◆ **Directions**:
Print out each entry below exactly, please.

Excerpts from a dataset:
Segment Open
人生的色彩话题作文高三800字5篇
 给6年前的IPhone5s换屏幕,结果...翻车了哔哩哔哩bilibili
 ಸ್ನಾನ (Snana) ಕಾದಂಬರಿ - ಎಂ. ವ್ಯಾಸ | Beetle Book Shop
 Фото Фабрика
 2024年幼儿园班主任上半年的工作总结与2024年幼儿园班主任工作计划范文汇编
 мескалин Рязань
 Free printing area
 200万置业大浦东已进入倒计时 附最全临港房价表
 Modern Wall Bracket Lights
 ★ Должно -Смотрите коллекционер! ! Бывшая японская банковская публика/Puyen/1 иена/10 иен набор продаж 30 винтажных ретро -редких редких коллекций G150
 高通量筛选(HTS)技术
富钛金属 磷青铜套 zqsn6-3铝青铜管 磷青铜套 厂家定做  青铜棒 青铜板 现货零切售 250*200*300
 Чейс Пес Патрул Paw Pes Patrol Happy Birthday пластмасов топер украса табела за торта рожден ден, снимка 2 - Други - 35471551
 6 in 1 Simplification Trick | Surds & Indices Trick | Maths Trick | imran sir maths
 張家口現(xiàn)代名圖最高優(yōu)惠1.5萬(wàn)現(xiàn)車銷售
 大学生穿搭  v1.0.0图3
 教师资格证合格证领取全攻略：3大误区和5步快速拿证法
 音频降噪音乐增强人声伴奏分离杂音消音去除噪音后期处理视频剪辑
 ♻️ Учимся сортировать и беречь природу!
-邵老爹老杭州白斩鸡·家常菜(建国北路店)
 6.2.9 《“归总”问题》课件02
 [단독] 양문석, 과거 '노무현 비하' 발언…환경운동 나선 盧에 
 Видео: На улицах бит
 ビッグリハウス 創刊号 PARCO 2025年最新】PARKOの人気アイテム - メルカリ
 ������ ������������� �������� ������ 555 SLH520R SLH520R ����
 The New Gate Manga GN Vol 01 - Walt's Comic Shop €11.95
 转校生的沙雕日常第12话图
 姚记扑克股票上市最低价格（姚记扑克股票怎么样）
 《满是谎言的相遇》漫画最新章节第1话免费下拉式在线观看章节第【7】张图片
Segment Closed
◆ **Response to this exercise**:
人生的色彩话题作文高三800字5篇
 给6年前的IPhone5s换屏幕,结果...翻车了哔哩哔哩bilibili
 ಸ್ನಾನ (Snana) ಕಾದಂಬರಿ - ಎಂ. ವ್ಯಾಸ | Beetle Book Shop
 Фото Фабрика
 2024年幼儿园班主任上半年的工作总结与2024年幼儿园班主任工作计划范文汇编
 мескалин Рязань
 Free printing area
 200万置业大浦东已进入倒计时 附最全临港房价表
 Modern Wall Bracket Lights
 ★ Должно -Смотрите коллекционер! ! Бывшая японская банковская публика/Puyen/1 иена/10 иен набор продаж 30 винтажных ретро -редких редких коллекций G150
 高通量筛选(HTS)技术
富钛金属 磷青铜套 zqsn6-3铝青铜管 磷青铜套 厂家定做  青铜棒 青铜板 现货零切售 250*200*300
 Чейс Пес Патрул Paw Pes Patrol Happy Birthday пластмасов топер украса табела за торта рожден ден, снимка 2 - Други - 35471551
 6 in 1 Simplification Trick | Surds & Indices Trick | Maths Trick | imran sir maths
 張家口現(xiàn)代名圖最高優(yōu)惠1.5萬(wàn)現(xiàn)車銷售
 大学生穿搭  v1.0.0图3
 教师资格证合格证领取全攻略：3大误区和5步快速拿证法
 音频降噪音乐增强人声伴奏分离杂音消音去除噪音后期处理视频剪辑
 ♻️ Учимся сортировать и беречь природу!
-邵老爹老杭州白斩鸡·家常菜(建国北路店)
 6.2.9 《“归总”问题》课件02
 [단독] 양문석, 과거 '노무현 비하' 발언…환경운동 나선 盧에 
 Видео: На улицах бит
 ビッグリハウス 創刊号 PARCO 2025年最新】PARKOの人気アイテム - メルカリ
 ������ ������������� �������� ������ 555 SLH520R SLH520R ����
 The New Gate Manga GN Vol 01 - Walt's Comic Shop €11.95
 转校生的沙雕日常第12话图
 姚记扑克股票上市最低价格（姚记扑克股票怎么样）
 《满是谎言的相遇》漫画最新章节第1话免费下拉式在线观看章节第【7】张图片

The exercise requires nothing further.